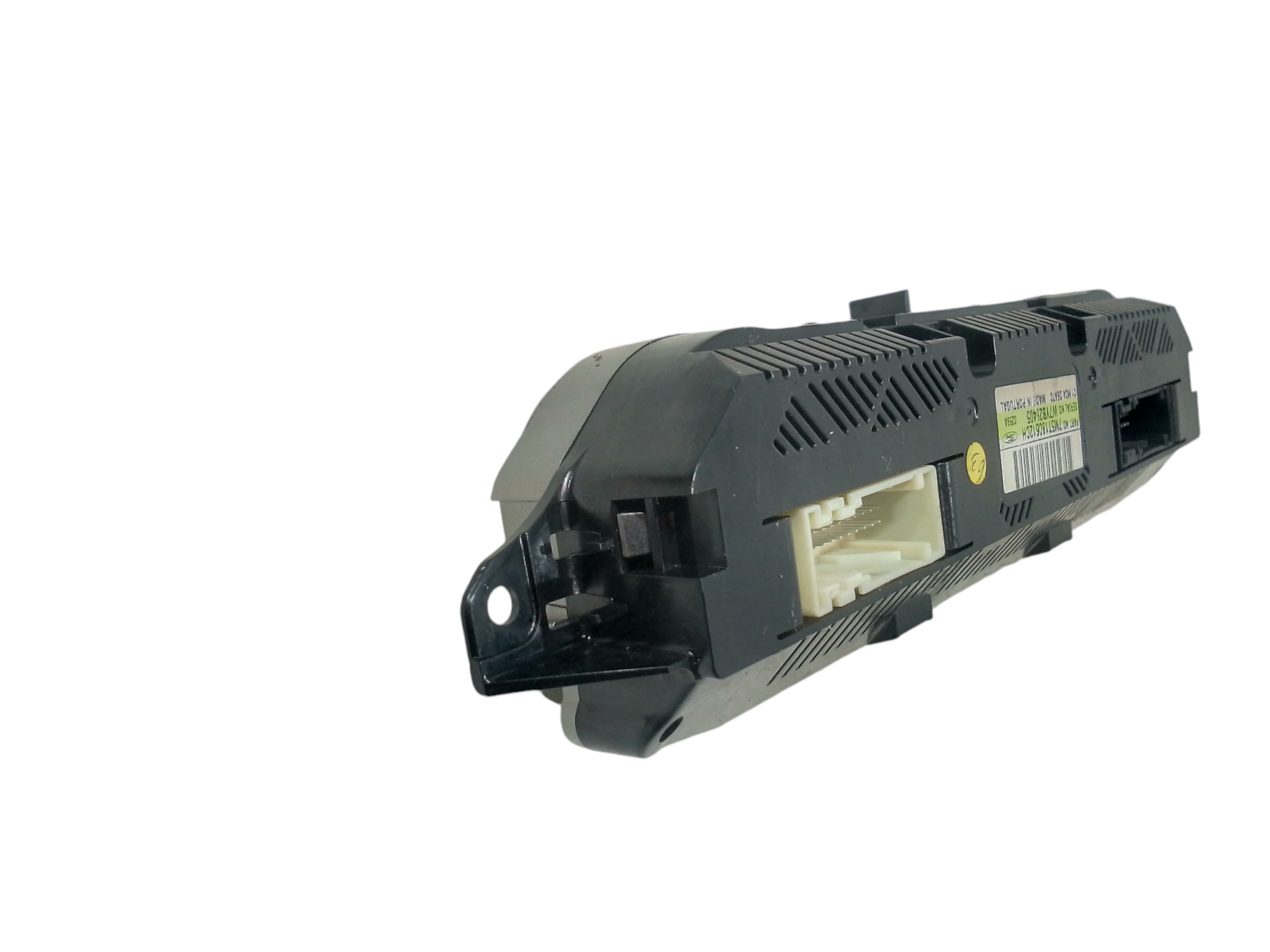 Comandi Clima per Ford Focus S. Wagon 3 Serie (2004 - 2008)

* * *

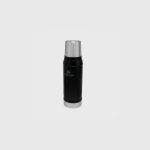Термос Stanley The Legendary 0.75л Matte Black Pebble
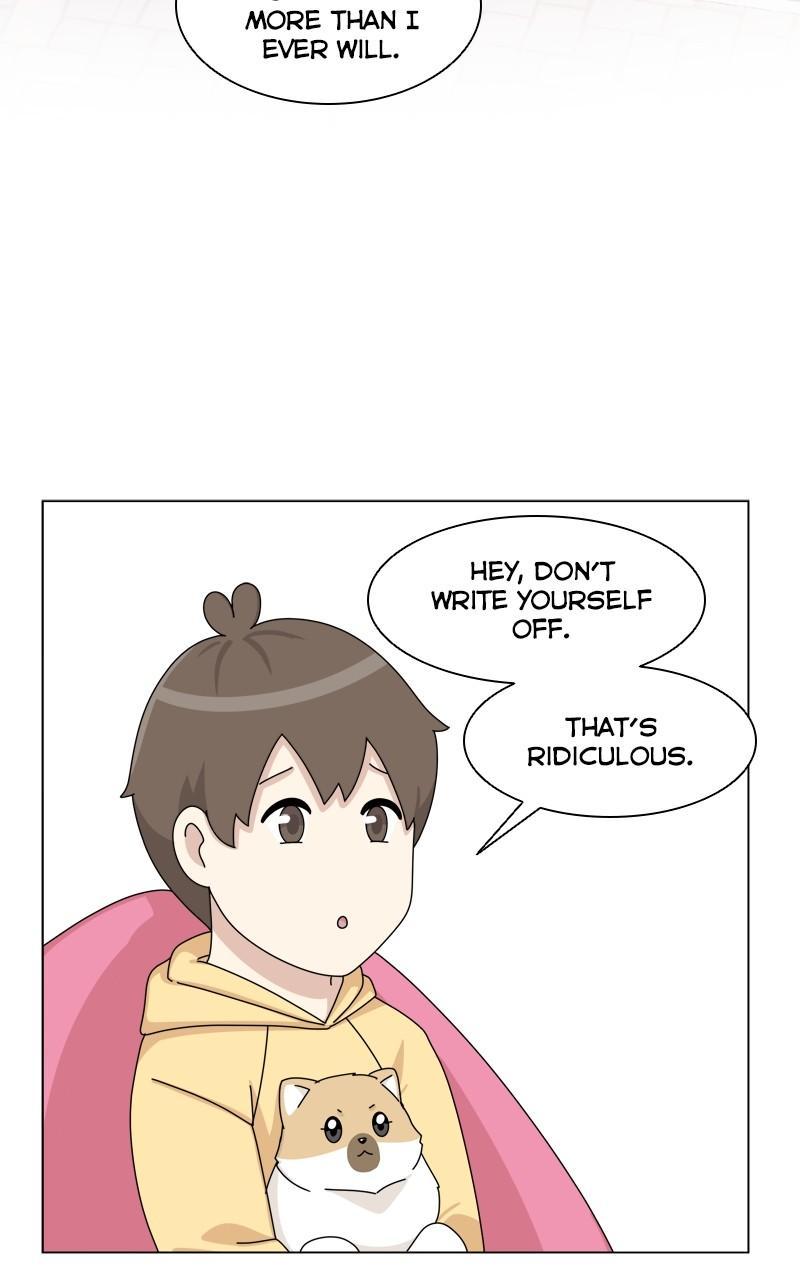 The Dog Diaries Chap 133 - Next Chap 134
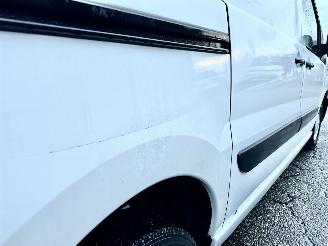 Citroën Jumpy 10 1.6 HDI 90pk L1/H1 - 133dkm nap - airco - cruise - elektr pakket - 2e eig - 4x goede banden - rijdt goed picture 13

--

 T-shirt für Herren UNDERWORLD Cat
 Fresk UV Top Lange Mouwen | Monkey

TO DO:
Exactly the lines starting at the one above with "The Dog Diaries Chap 133 - Next Chap 134" and ending at the one with "Citroën Jumpy 10" should be printed, and nothing else. Omit the pictures.

ANSWER SECTION:
 The Dog Diaries Chap 133 - Next Chap 134
 Citroën Jumpy 10 1.6 HDI 90pk L1/H1 - 133dkm nap - airco - cruise - elektr pakket - 2e eig - 4x goede banden - rijdt goed picture 13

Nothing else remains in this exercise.